Nrf2 serves an important role in the main defense mechanisms induced by cellular oxidative stress (10,11). Therefore, the present study investigated whether HMP conferred protection against IRI to rat DCD livers via alterations in Nrf2 expression. The results reveled that compared with the control group, the expression levels of Nrf2 in the CS group were significantly decreased (P<0.05); however, the HMP group exhibited a significant increase compared with in the CS group (P<0.01; Fig. 5A and B). In addition to the expression levels of Nrf2 protein, NQO1 protein expression levels in the CS and HMP groups demonstrated opposing expression patterns (P<0.05; Fig. 5A and B). Notably, despite the significant increase in HO-1 protein expression levels in the CS group compared with the control, the HMP group exhibited a significant decrease compared with the CS group (P<0.01; Fig. 5A and B).

Reperfusion injury due to toxic reactive oxygen species generated upon reintroduction of blood flow and oxygen supply to ischemic tissues is the main cause of DCD liver injury (43). Therefore, the expression levels of proteins in the presence or absence of reperfusion were investigated in the present study to determine whether HMP may activate the Nrf2-ARE signaling pathway.

The results of the present study revealed that the expression levels of Nrf2, NQO-1 and HO-1 were all been significantly upregulated during reperfusion in both the CS and HMP groups (P<0.05; Fig. 5C and D). In addition, the induction of Nrf2 (0.392±0.137 vs. 0.912±0.122; P<0.0001) and NQO-1 (0.342±0.057 vs. 1.076±0.102; P<0.0001) expression in the presence of IRI was significantly higher within the HMP group compared with the induction of Nrf2 (0.300±0.079 vs. 0.529±0.075; P=0.007) and NQO-1 (0.287±0.104 vs. 0.575±0.078; P<0.0001) expression in the CS group. All this suggested that the effects of HMP on oxidative stress may occur via activation of the Nrf2-ARE signaling pathway (P<0.05; Fig. 5C and D).

Additionally, the mRNA expression levels of Nrf2, HO-1, NQO1, GST-1, and GCL in the liver were investigated via RT-qPCR (Fig. 6). The results of the present study revealed that except for HO-1, the mRNA expression levels of the other ARE-regulated genes were significantly enhanced in the HMP group compared with the CS group (P<0.05; Fig. 6). This suggested that additional regulatory elements may be involved in the activation of HO-1 in the CS group; however, the activation of Nrf2 and other ARE-regulated genes, as well as the inhibition of oxidative stress markers, including MDA in the HMP group, suggested that HMP may be responsible for the increase in antioxidative ability of cells by activating the Nrf2-ARE signaling pathway.

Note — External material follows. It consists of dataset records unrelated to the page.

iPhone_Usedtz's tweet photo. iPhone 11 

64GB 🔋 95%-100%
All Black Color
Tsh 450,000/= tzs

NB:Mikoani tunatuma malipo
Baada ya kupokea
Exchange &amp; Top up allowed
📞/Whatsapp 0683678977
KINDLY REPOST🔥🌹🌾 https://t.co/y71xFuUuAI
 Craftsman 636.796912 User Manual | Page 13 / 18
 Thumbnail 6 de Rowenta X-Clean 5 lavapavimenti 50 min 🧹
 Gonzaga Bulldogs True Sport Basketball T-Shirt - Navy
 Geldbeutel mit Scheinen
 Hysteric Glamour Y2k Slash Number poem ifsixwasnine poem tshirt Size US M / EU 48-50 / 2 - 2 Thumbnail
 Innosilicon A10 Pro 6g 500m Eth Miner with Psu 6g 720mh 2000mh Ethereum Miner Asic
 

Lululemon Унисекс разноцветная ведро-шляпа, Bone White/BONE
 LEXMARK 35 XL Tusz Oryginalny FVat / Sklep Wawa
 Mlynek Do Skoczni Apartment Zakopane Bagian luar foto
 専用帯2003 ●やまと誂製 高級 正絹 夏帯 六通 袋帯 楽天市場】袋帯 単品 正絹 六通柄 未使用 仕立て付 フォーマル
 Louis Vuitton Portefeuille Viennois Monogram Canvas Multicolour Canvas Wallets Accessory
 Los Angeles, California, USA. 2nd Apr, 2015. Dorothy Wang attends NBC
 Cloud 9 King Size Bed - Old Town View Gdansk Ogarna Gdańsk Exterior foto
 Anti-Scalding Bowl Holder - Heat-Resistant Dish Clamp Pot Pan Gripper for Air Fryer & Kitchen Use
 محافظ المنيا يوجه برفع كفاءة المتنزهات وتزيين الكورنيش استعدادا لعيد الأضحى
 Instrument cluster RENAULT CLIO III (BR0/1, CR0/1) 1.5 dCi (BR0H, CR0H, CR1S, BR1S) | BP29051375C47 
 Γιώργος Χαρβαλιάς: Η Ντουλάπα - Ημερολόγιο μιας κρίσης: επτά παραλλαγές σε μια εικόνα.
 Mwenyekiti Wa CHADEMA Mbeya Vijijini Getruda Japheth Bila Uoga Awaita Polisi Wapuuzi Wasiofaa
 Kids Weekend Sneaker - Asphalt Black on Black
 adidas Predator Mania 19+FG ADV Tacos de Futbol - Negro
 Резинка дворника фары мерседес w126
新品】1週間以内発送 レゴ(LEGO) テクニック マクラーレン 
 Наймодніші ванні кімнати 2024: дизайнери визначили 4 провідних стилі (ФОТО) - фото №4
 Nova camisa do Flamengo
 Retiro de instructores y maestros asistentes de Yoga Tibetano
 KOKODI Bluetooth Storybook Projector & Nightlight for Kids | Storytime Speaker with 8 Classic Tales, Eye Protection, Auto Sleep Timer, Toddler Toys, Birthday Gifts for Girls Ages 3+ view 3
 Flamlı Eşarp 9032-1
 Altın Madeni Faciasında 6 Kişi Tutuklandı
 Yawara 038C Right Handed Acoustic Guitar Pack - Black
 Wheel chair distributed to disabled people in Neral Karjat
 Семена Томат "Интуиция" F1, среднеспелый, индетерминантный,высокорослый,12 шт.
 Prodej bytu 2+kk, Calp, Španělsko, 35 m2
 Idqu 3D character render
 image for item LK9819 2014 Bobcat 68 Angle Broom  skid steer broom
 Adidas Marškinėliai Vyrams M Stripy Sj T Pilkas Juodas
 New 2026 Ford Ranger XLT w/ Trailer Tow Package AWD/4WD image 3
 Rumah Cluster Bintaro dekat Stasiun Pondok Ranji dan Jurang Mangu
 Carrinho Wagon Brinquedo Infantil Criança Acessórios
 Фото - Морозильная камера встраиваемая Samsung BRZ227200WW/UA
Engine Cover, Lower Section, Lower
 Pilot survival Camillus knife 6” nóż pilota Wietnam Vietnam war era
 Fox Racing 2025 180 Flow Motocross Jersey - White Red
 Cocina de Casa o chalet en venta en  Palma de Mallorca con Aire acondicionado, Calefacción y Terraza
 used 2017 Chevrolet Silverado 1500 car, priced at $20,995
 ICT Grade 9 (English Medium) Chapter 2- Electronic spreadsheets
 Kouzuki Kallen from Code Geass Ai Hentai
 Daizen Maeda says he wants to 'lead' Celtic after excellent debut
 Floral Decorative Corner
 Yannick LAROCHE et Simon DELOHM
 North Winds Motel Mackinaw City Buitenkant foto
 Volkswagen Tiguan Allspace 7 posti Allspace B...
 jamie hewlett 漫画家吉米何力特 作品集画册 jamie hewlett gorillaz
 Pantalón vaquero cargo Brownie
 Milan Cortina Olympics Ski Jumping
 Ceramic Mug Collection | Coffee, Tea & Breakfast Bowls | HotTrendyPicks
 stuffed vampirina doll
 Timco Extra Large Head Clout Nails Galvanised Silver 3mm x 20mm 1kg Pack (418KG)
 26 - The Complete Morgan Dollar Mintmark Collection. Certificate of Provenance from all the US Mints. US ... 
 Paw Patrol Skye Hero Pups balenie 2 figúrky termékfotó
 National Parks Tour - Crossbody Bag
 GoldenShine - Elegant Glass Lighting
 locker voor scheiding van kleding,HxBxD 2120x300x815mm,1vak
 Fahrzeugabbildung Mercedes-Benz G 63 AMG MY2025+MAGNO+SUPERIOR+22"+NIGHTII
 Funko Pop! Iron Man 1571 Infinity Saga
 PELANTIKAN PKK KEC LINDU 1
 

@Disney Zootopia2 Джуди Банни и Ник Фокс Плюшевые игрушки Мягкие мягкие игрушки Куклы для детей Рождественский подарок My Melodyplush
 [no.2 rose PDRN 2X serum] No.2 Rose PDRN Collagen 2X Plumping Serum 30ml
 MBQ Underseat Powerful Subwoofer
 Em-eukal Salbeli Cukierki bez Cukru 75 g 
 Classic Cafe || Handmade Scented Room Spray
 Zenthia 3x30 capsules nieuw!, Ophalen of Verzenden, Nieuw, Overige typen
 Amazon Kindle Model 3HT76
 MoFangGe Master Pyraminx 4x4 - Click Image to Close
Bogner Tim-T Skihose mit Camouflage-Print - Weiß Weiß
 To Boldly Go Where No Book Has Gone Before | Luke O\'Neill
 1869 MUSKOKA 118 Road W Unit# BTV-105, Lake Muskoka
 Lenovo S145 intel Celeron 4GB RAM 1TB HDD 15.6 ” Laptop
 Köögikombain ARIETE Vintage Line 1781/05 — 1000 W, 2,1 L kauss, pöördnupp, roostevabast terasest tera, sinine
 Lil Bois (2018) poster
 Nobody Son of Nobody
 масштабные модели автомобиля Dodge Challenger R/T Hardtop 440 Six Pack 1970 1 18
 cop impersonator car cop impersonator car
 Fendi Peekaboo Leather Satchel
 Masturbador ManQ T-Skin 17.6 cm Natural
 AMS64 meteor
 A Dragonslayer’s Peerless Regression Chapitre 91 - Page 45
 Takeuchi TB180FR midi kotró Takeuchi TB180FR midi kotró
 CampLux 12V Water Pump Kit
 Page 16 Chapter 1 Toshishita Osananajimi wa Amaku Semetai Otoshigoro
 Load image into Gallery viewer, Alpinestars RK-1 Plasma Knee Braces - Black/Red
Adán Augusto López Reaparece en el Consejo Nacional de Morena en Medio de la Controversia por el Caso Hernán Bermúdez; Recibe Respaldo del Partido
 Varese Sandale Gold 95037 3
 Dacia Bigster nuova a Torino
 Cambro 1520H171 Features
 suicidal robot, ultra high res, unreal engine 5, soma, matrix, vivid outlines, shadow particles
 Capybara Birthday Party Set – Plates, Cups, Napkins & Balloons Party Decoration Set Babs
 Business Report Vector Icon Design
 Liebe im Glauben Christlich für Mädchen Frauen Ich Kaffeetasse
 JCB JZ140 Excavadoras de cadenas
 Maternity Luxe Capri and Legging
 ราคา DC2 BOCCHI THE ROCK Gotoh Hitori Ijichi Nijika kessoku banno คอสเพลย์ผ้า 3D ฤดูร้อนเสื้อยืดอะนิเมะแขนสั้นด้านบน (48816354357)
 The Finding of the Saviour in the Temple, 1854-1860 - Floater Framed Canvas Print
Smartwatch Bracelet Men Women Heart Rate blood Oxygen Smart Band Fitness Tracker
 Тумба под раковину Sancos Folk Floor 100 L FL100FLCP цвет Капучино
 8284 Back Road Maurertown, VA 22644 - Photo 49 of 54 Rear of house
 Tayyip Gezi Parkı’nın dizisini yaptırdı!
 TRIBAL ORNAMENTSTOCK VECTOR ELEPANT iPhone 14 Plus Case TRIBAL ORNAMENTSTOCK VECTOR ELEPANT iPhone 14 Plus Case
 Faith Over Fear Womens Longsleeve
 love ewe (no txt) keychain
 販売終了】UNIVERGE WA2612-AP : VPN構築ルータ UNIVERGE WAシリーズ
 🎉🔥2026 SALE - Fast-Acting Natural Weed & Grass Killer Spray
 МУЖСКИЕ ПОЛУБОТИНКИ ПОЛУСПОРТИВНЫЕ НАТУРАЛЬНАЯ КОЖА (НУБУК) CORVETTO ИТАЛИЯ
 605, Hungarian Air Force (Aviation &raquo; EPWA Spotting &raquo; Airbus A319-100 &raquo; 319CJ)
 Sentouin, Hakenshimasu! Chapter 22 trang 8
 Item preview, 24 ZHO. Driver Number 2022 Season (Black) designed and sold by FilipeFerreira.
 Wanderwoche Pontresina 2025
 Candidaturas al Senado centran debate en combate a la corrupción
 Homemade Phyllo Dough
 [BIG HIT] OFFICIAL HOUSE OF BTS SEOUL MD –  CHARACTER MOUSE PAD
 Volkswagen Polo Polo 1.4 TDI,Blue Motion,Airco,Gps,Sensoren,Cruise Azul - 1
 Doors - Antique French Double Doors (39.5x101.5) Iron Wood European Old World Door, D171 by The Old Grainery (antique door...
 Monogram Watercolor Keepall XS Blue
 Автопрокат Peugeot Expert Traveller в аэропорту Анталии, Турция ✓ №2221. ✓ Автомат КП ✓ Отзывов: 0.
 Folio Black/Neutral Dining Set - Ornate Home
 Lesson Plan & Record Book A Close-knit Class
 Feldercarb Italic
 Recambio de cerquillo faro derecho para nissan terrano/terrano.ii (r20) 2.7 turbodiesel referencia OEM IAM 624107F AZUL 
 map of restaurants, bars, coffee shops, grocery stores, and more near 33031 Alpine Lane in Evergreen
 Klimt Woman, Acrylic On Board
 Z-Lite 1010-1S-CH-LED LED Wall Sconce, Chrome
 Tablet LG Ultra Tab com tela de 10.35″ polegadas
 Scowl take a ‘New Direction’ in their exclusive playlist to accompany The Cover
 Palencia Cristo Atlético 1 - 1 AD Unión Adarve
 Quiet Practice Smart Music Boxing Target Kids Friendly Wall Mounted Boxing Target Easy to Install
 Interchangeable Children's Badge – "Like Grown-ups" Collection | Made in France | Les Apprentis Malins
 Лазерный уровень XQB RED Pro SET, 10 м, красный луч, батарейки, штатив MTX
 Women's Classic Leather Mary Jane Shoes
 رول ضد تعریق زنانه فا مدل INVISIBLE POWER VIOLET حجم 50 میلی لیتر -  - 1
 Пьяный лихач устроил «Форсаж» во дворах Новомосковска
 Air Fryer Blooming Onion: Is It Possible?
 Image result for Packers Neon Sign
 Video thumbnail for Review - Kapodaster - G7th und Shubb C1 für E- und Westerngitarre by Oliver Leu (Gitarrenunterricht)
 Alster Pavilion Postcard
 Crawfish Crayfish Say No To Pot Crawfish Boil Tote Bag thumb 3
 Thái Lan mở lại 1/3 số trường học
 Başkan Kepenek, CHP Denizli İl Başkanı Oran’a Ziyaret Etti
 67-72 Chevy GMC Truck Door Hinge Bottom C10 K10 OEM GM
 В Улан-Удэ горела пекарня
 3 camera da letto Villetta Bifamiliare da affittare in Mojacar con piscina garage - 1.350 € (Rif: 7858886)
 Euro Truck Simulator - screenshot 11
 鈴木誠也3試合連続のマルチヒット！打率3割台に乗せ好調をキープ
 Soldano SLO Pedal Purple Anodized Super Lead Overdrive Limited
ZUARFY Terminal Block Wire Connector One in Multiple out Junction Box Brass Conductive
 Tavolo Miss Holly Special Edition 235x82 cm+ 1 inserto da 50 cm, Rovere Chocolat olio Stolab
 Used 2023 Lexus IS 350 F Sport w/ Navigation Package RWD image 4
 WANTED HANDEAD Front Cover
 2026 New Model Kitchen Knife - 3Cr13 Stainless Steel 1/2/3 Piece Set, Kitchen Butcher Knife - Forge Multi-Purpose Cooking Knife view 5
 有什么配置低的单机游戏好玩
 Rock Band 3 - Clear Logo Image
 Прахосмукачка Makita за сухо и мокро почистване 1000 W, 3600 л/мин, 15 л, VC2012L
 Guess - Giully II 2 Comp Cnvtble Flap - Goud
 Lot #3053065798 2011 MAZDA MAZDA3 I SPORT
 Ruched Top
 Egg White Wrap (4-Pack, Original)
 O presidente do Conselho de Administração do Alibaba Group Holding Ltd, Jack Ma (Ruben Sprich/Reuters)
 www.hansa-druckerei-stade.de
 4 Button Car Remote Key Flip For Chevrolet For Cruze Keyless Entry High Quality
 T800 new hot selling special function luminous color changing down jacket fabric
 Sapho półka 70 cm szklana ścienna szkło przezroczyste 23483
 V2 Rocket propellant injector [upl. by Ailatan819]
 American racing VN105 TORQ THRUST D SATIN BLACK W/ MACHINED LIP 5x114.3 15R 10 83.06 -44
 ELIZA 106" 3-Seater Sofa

Furthermore, previous studies have confirmed that Nrf2 may be activated in endothelial cells by steady laminar flow (19,20). Thus, immunohistochemistry was conducted to assess whether steady laminar flow provided by HMP may induce the expression levels of Nrf2 (Fig. 7). The results revealed that within the HMP group, Nrf2 expression was significantly increased in the periportal regions of livers when compared with the CS group (P<0.01), This suggested that Nrf2 in hepatocytes and liver sinusoidal endothelial cells around periportal regions may be induced by steady laminar flow.